Alguns artistas que começaram na mesma época que você deram uma encaretada musical, se acomodaram ou sumiram. Você, não. Rola um medo de cair nessa falta de tesão geral com o trabalho que pegou muita gente da música?
Rola é um medo do público se acostumar com essa falta de qualidade - e aí perder o interesse por coisas menos óbvias e só se ligar no imediato. Aí, eu fico sem público. Eu e outras pessoas talentosas por aí.

Em 2004, você freqüentou aulas de Cabala e estava bem interessada no assunto. No que isso se transformou hoje dentro da sua vida?
A Cabala é uma grande sabedoria, e aprender um pouco dela adiantou muito a minha vida. Recorro à Cabala e fico mais confiante no que tenho de fazer. A confiança aumentou, e isso foi fundamental pra mim.

Todo mundo que entende de moda concorda com isso: Marina é uma mulher chique.
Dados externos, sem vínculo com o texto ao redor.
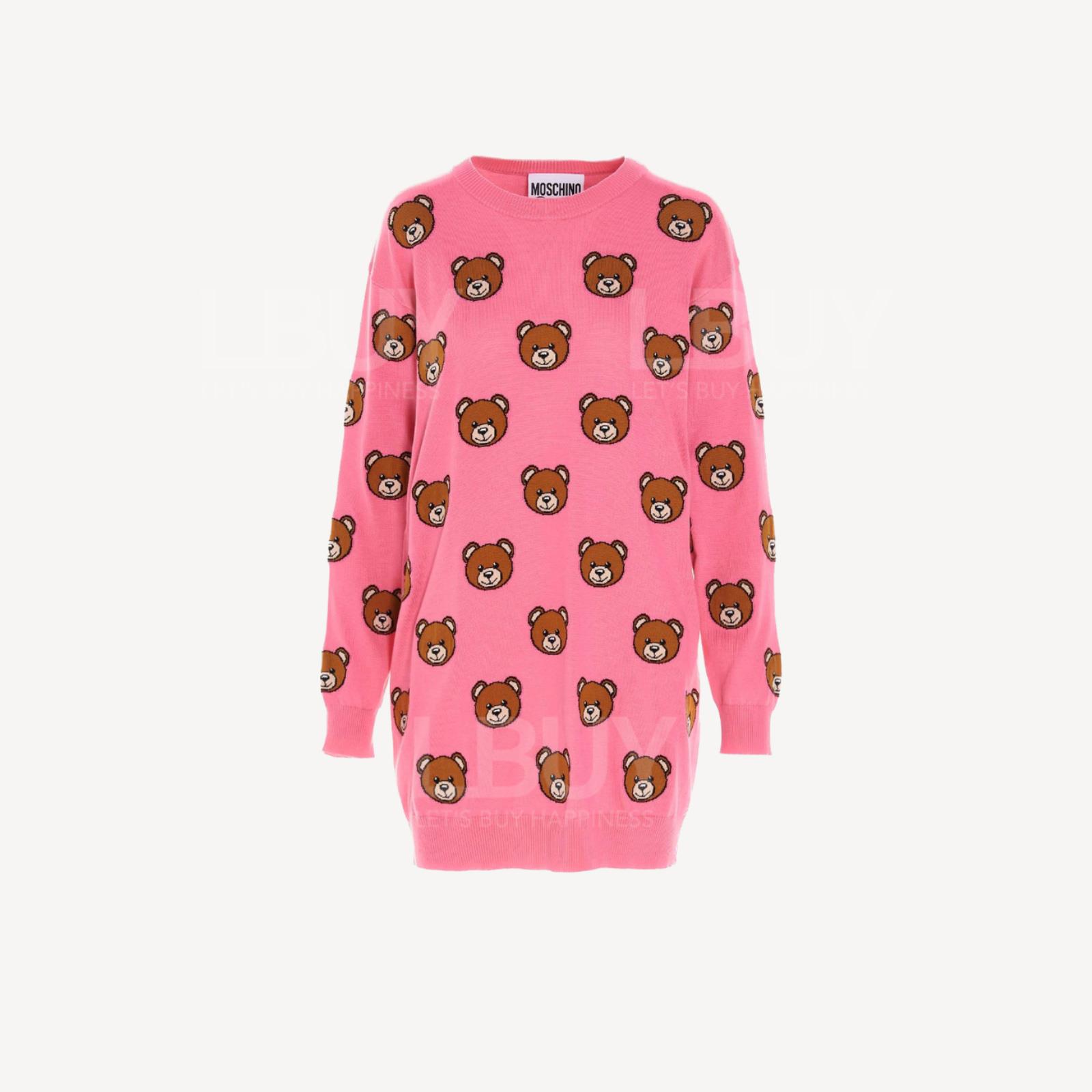 Moschino 粉色多熊仔棉線長身針織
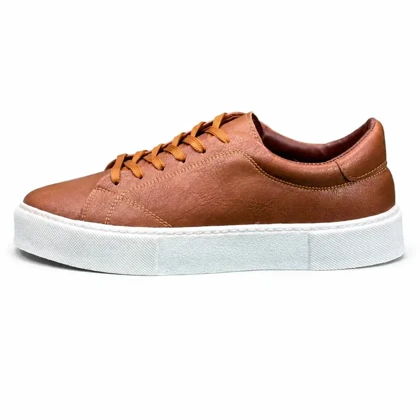 کفش کتانی مردانه مدل ونس چرمی عسلی زیره سفید Vans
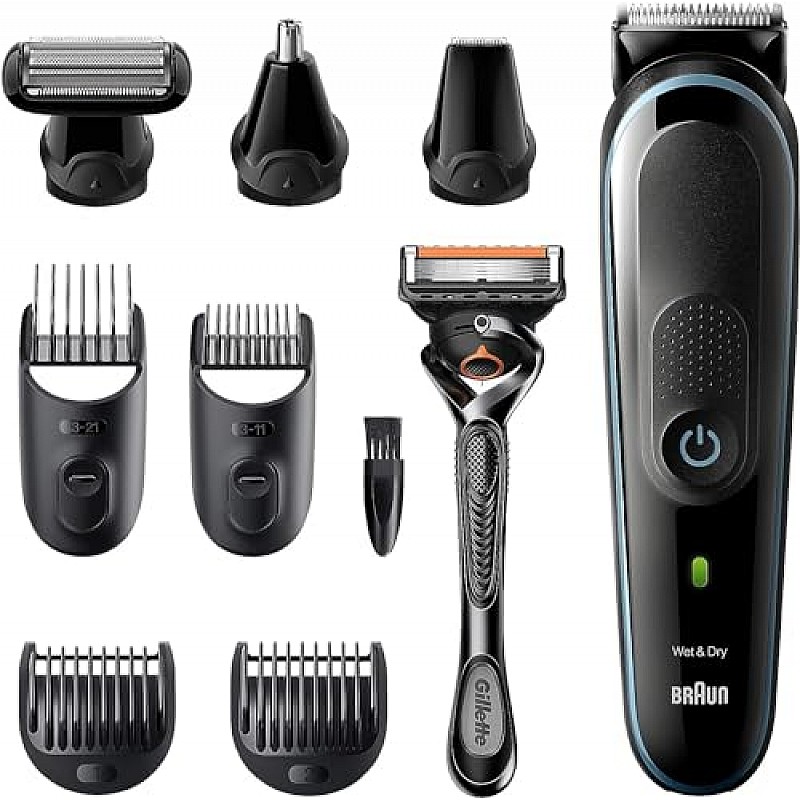 Braun MGK5380 9-In-1 Beard Trimmer for Men Black  Nordic (Blue)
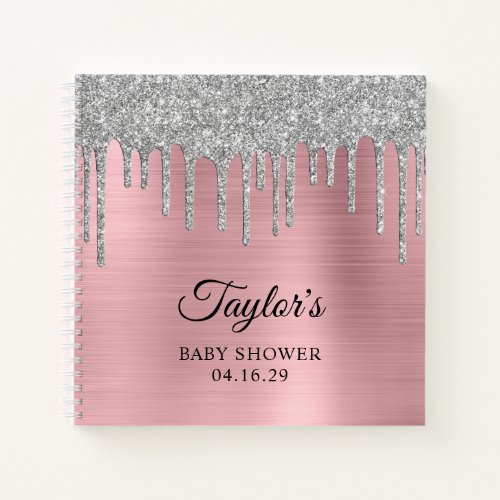 Silver Glitter Drips Blush Pink Baby Shower Notebook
Como você cuida disso? E como as pessoas “comuns” podem fazer para manter essa coerência com a moda?
Hoje em dia, qualquer um, tendo um mínimo de grana e interesse, pode se manter atualizado. A moda está em toda parte, é só prestar atenção e sair à cata do que se quer. Ver a moda de quem a gente admira também ajuda. Eu gosto de roupas, sempre prestei atenção. A moda traduz a personalidade das pessoas, do mundo. No dia a dia, adoro procurar, me interesso, compro. Mas em shows é bom contar com a ajuda de um profissional. Nesse show "Primórdios", a Érika Palomino foi tudo.

"Primórdios" estreou no ano passado e deixou todo mundo de queixo caído. Agora, volta para São Paulo e deve virar DVD. Você considera esse um momento de renovação na carreira de Marina Lima?
Considero, sim. As músicas novas, uma sonoridade que encontrei com essa banda, o reencontro com a Monique [Gardenberg, diretora do espetáculo], todo o trabalho da equipe, tudo isso foi decisivo. Representa uma grande virada ou, como diz a própria Monique, um grande golpe. [rindo]
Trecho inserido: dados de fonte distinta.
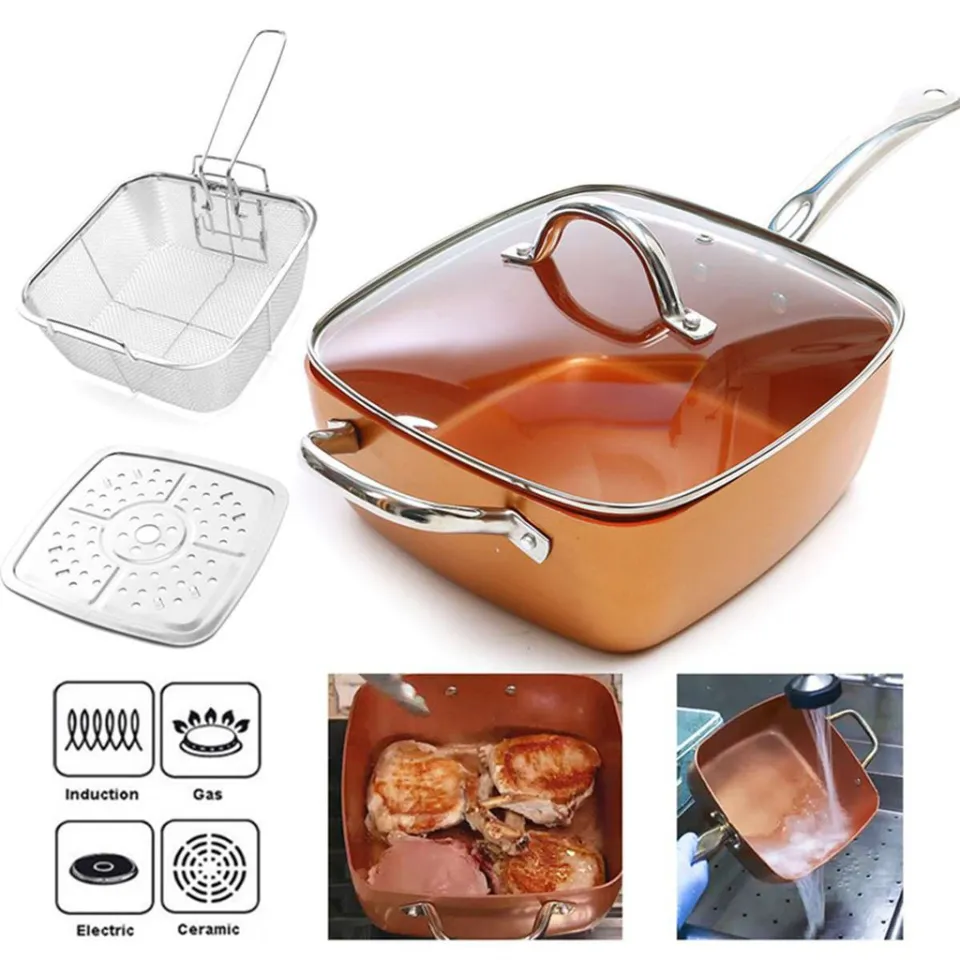 Red Copper Square Pan 5-Piece Set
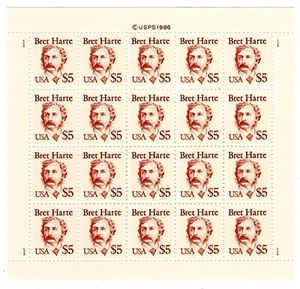 #2196 Mint Sheet of Twenty (20) Bret Harte $5 Commemorative Stamps MNH - Picture 1 of 2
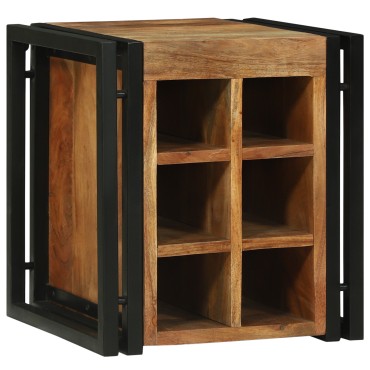 vidaXL Ράφι Κρασιού Καφέ και Μαύρο 35x35x39cm Στερεό Ξύλο Ακακίας 1 τεμ.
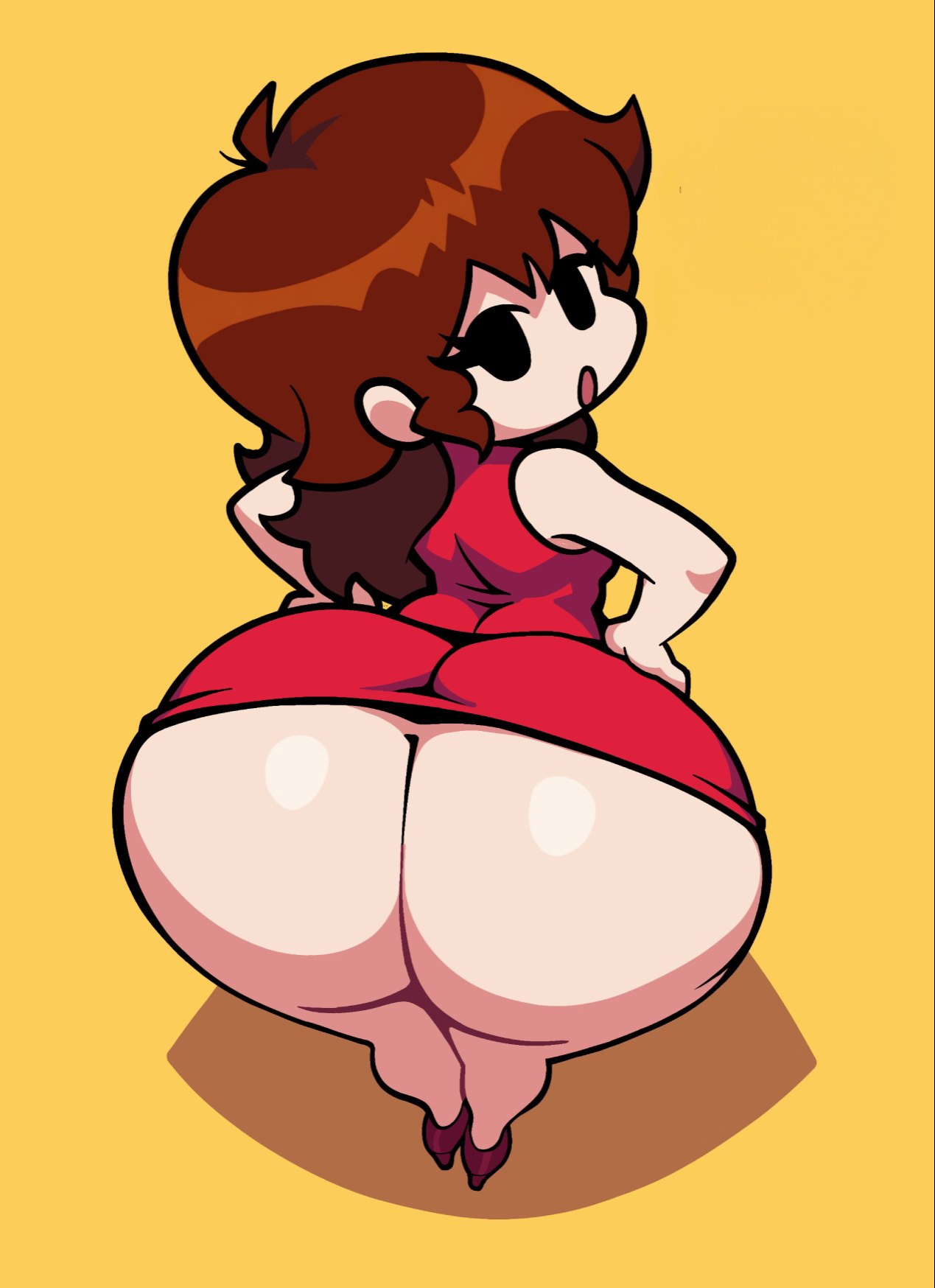 ass, ass bigger than head, auburn hair, big butt, black eyes, bubble butt, clothed, cute, cute and sexy, cute female, cyanu, digital art, digital drawing, digital drawing (artwork), dress, edit, edited, edited art, female only, friday night funkin, girlfriend (fnf), girlfriend (friday night funkin), heels, looking at viewer, looking back, mob face, newgrounds, no panties, no underwear, open mouth, red dress, simple background, solo, solo female, white skin, yellow background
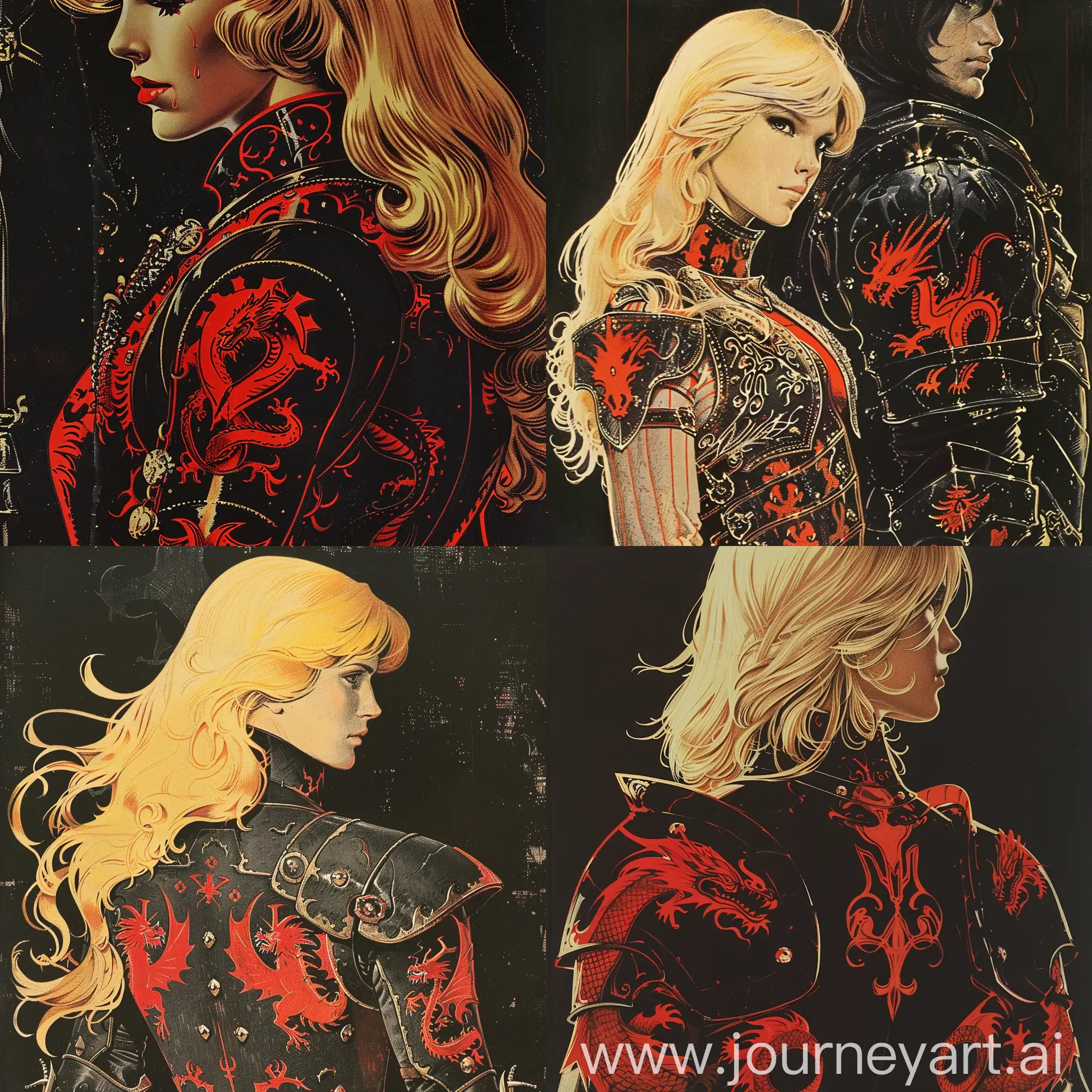 1970s-Dark-Fantasy-Art-Woman-Warrior-in-Dragon-Armor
Entre tantos assuntos que são colocados no palco, o sexo aparece com destaque. Esse é um momento especialmente sexual na vida de Marina Lima?
Bem, sexo é importante. Mas independentemente de estar praticando ou não, o momento é propício para se falar sobre. Ocorreram mudanças progressistas importantes no mundo, e dar visibilidade a essas questões agora ajuda a fortalecer essas mudanças.

Em "Ana Bella", uma das músicas do show, você pergunta: "Por que as mulheres não podem ter a sua sauna gay?". O verso traz à tona a [ainda] falsa igualdade entre os sexos. É uma espécie de manifesto feminino?
Não, é uma reivindicação mesmo. [rindo] A maioria das mulheres é presa à idéia do amor romântico, como se o sexo só pudesse vir acompanhado de amor. Ora, sexo é uma coisa e amor, outra. Sempre comentei com Cicero [irmão de Marina e um dos seus principais parceiros nas canções] e alguns amigos que seria muito útil as mulheres terem um espaço pra liberar e praticar o desejo. A TPM iria diminuir tanto. [rindo]
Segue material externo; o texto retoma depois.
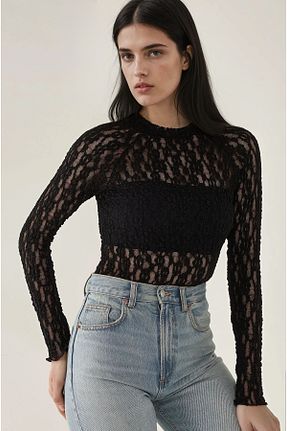 بلوز مشکی زنانه اسلیم فیت Hiccup - کد 903982976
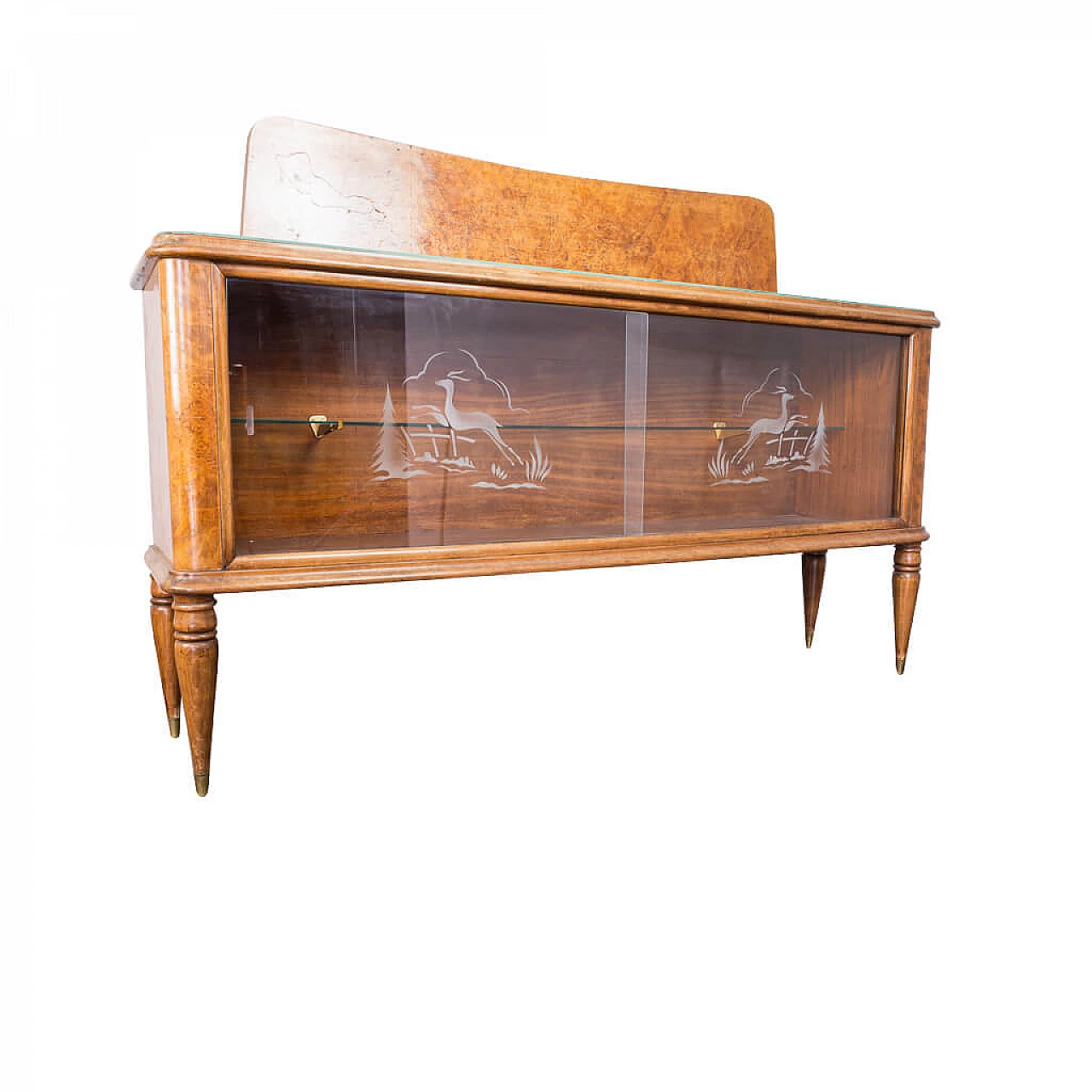 Credenza in radica e vetro, anni '50 1237176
Na década passada, você passou por maus bocados por conta de uma depressão. Quando se livrou dela, jurou que não caía mais nessa. Quem passa por isso e "sobrevive" fica vacinado?
Não se morre duas vezes. É uma experiência profunda, onde sente-se muito medo. Você colocou bem: acho que fica-se vacinado.

[entrevista publicada na revista “Quem”, em janeiro de 2006]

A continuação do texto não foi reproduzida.